> _What the task asks_
Would you transcribe the entries below, beginning at the line with "Western blot analysis" and ending after the line with "Colonoscopia: qué es", exactly, with no picture and nothing more?

> _Recorded information_
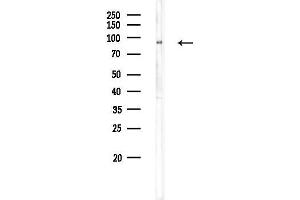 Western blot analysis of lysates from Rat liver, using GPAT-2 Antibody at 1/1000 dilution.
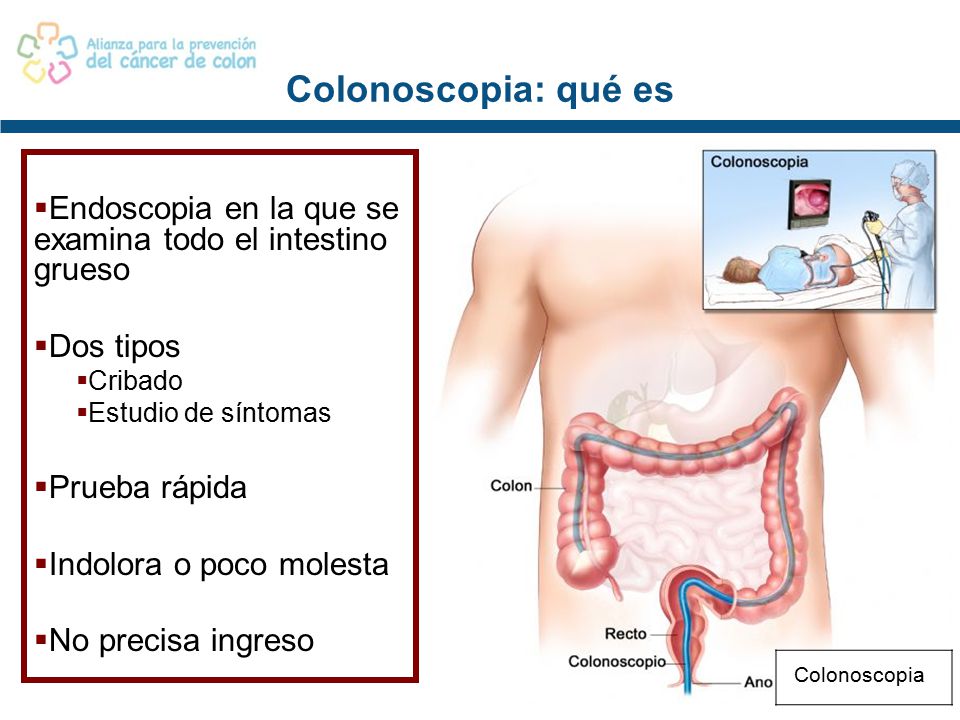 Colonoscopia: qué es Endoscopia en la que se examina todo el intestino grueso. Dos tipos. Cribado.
--
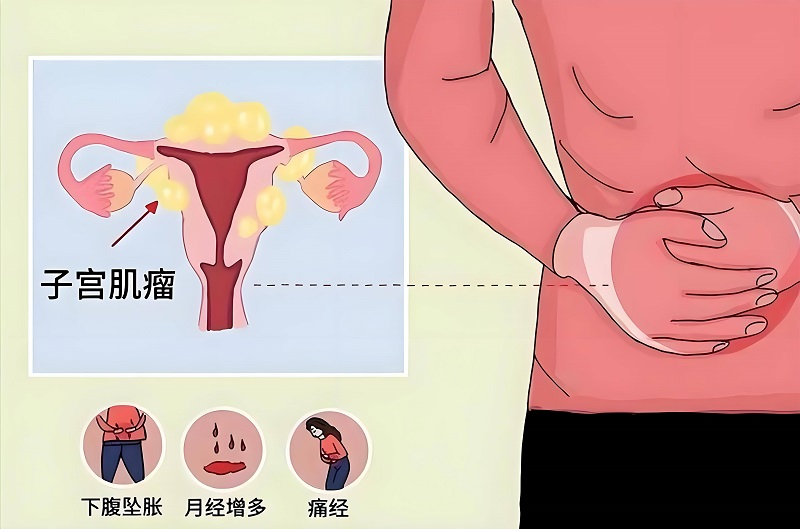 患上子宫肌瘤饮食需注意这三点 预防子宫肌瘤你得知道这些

> _Response area_
 Western blot analysis of lysates from Rat liver, using GPAT-2 Antibody at 1/1000 dilution.
 Colonoscopia: qué es Endoscopia en la que se examina todo el intestino grueso. Dos tipos. Cribado.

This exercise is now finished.